▶ **About this exercise**: Pull out of the data below the stretch of lines bounded by the one containing "Loro Piana、202" and the one containing "musta Audi TT 2016 kuva 20.", both bounds included, unchanged.

==========

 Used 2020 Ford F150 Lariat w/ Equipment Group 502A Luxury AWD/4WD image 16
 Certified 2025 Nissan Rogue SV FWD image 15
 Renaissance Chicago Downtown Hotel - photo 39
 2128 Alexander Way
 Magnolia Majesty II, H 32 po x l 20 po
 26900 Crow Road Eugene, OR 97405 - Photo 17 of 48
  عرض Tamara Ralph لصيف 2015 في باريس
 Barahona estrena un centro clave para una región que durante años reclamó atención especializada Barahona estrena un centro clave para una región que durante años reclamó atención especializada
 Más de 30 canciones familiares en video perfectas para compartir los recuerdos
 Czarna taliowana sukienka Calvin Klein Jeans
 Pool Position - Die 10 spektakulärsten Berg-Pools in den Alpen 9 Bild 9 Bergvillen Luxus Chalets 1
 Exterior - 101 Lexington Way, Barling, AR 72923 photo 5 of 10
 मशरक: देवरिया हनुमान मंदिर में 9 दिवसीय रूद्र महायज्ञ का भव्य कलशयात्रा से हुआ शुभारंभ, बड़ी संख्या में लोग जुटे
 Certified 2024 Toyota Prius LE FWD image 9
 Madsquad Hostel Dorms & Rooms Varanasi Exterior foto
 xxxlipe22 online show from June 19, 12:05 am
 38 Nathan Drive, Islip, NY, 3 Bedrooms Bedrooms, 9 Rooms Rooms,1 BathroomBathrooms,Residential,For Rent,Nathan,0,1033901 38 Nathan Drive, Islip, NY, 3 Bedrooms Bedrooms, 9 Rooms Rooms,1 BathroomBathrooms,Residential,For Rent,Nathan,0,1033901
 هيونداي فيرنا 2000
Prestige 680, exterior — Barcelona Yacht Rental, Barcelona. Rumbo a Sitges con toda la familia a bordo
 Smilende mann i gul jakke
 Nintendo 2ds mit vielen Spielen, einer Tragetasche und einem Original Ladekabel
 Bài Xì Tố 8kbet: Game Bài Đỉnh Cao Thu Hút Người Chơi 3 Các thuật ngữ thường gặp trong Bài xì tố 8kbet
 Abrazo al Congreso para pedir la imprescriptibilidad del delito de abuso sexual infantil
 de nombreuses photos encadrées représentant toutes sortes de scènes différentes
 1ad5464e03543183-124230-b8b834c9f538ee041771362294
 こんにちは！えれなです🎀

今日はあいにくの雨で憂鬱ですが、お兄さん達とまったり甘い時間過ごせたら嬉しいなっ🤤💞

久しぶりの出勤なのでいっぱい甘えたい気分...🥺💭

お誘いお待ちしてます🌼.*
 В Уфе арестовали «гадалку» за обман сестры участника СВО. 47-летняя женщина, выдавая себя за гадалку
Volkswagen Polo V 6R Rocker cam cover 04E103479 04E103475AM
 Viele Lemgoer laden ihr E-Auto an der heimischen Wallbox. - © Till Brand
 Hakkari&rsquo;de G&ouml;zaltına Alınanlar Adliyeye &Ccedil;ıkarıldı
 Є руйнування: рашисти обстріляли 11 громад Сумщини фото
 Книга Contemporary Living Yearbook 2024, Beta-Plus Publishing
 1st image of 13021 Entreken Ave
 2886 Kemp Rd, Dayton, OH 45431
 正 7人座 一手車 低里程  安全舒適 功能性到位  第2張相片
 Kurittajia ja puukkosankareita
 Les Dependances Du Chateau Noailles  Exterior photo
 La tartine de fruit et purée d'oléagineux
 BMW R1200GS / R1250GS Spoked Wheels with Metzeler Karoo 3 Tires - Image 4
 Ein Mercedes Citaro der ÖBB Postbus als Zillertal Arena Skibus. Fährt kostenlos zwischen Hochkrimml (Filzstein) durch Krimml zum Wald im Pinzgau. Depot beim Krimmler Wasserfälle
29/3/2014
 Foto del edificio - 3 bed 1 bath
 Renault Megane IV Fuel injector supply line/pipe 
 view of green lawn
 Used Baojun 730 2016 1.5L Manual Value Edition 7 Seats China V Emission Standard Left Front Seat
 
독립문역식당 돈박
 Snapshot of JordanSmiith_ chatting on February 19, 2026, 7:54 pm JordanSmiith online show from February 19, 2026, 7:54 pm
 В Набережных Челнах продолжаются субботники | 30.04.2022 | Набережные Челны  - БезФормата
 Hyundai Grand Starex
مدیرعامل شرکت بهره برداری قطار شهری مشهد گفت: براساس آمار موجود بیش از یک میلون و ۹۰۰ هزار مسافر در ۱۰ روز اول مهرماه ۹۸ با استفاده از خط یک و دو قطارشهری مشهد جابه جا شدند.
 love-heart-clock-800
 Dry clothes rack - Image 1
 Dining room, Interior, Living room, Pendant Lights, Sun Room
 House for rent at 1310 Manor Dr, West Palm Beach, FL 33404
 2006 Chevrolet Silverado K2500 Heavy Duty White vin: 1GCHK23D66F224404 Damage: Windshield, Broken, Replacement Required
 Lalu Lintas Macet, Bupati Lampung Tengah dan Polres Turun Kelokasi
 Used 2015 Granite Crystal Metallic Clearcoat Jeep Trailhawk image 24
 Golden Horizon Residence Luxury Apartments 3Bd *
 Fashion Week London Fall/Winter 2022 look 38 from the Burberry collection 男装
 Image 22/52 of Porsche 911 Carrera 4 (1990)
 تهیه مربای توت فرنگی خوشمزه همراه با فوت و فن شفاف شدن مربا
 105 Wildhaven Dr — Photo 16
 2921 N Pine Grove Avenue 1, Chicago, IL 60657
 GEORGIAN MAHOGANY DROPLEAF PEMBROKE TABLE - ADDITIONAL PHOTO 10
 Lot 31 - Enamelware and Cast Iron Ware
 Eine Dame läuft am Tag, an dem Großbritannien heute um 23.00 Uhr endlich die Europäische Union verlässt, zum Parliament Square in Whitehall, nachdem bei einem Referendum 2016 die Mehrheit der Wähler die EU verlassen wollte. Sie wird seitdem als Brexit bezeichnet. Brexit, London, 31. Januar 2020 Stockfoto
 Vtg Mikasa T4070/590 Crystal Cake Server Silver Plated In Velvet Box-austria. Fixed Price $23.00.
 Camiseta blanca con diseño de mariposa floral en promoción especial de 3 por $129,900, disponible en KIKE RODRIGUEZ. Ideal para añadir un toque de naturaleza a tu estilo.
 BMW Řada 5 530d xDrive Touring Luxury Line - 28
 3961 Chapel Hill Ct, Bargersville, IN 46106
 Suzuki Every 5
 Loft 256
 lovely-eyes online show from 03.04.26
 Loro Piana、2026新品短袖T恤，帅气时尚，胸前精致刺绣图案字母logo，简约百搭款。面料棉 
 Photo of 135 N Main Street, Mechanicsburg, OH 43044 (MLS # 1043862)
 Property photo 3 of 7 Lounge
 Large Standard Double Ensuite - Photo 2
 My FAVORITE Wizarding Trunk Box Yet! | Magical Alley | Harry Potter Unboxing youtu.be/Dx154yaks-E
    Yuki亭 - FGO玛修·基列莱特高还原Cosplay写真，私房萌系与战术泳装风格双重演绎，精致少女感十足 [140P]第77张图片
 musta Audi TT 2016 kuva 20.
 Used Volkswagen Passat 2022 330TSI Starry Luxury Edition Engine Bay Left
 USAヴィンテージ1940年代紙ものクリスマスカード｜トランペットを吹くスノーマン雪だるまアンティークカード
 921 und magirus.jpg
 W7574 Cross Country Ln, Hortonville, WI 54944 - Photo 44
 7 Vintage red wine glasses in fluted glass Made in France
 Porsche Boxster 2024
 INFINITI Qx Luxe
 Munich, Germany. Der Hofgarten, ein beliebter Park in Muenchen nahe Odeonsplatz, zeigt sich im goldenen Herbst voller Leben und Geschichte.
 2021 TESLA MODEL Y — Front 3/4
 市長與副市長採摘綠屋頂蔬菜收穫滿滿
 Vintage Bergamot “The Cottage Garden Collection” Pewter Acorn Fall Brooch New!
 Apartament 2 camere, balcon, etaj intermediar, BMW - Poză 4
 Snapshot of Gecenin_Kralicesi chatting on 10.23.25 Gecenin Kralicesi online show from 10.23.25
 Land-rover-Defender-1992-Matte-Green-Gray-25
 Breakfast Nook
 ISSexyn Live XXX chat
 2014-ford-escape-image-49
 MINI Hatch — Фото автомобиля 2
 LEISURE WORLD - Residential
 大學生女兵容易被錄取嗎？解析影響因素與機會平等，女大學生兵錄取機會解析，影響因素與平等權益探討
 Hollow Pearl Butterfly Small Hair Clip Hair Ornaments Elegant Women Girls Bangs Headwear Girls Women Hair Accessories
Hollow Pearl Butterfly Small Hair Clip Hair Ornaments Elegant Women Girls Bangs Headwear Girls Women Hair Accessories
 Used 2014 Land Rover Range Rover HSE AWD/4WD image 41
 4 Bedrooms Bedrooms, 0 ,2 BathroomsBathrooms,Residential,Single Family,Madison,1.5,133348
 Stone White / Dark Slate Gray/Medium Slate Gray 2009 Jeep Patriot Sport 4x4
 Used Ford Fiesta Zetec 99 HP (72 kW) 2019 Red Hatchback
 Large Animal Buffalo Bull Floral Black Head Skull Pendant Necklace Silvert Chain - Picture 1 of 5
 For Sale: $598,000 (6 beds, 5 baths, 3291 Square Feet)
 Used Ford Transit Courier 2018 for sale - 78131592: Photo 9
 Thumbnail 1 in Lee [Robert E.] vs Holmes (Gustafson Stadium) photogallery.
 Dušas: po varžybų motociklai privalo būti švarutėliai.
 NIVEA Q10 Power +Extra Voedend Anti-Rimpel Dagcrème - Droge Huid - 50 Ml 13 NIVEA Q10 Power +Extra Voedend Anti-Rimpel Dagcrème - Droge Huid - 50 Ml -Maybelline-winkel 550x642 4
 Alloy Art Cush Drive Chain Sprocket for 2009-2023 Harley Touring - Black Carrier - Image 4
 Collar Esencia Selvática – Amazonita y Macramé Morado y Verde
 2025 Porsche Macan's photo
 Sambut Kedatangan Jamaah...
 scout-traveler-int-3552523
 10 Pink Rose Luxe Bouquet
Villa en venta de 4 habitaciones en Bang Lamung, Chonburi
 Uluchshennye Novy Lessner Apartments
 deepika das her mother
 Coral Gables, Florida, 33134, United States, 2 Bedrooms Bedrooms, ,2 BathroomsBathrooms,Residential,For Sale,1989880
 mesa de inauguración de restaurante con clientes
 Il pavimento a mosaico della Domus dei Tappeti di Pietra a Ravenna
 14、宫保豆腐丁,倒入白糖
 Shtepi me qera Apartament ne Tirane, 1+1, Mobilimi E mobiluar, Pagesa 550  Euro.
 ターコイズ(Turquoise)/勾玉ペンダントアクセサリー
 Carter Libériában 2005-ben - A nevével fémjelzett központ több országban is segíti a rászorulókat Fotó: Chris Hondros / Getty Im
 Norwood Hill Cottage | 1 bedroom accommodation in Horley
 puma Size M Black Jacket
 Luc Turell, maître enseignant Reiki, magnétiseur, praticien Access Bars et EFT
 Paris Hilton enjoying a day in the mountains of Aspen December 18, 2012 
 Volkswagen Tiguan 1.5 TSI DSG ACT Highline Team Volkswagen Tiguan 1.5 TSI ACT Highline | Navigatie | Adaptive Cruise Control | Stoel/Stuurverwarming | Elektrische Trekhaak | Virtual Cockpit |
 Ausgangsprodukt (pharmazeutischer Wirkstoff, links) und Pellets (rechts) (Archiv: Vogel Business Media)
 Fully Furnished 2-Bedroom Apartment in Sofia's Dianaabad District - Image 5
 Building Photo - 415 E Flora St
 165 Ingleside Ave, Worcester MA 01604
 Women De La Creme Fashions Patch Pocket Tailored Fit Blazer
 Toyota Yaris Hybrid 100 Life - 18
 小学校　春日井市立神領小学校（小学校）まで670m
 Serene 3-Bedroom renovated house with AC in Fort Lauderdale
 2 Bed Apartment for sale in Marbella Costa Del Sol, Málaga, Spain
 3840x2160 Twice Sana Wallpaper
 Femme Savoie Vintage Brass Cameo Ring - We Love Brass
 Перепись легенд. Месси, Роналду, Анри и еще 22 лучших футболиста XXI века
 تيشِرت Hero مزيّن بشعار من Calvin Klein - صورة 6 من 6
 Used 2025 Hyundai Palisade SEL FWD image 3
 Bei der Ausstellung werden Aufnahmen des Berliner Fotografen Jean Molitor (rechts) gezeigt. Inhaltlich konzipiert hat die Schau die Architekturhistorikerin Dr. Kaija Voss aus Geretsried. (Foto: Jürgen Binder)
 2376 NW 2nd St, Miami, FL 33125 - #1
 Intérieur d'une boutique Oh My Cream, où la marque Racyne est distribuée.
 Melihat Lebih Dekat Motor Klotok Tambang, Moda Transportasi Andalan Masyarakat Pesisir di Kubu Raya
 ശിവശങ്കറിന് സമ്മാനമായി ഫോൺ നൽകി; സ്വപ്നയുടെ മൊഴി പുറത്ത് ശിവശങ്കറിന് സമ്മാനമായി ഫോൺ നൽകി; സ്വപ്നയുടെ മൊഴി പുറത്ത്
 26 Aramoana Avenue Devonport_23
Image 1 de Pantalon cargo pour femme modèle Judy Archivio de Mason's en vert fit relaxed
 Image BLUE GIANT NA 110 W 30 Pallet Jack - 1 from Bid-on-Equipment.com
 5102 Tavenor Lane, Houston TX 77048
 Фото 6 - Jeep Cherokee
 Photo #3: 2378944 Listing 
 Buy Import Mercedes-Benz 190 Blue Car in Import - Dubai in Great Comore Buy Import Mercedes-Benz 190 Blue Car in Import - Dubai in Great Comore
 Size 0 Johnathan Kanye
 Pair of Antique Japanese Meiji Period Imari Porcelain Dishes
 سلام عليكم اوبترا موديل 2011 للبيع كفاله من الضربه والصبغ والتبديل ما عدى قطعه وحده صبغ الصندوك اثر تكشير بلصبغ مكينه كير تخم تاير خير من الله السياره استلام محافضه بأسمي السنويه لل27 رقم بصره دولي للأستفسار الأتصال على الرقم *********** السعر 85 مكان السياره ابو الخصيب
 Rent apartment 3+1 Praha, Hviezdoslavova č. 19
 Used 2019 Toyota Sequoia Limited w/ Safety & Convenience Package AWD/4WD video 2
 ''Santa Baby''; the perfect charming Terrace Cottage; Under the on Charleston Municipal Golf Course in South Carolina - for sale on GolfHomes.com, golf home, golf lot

==========

▶ **Exercise output**:
 Loro Piana、2026新品短袖T恤，帅气时尚，胸前精致刺绣图案字母logo，简约百搭款。面料棉 
 Photo of 135 N Main Street, Mechanicsburg, OH 43044 (MLS # 1043862)
 Property photo 3 of 7 Lounge
 Large Standard Double Ensuite - Photo 2
 My FAVORITE Wizarding Trunk Box Yet! | Magical Alley | Harry Potter Unboxing youtu.be/Dx154yaks-E
    Yuki亭 - FGO玛修·基列莱特高还原Cosplay写真，私房萌系与战术泳装风格双重演绎，精致少女感十足 [140P]第77张图片
 musta Audi TT 2016 kuva 20.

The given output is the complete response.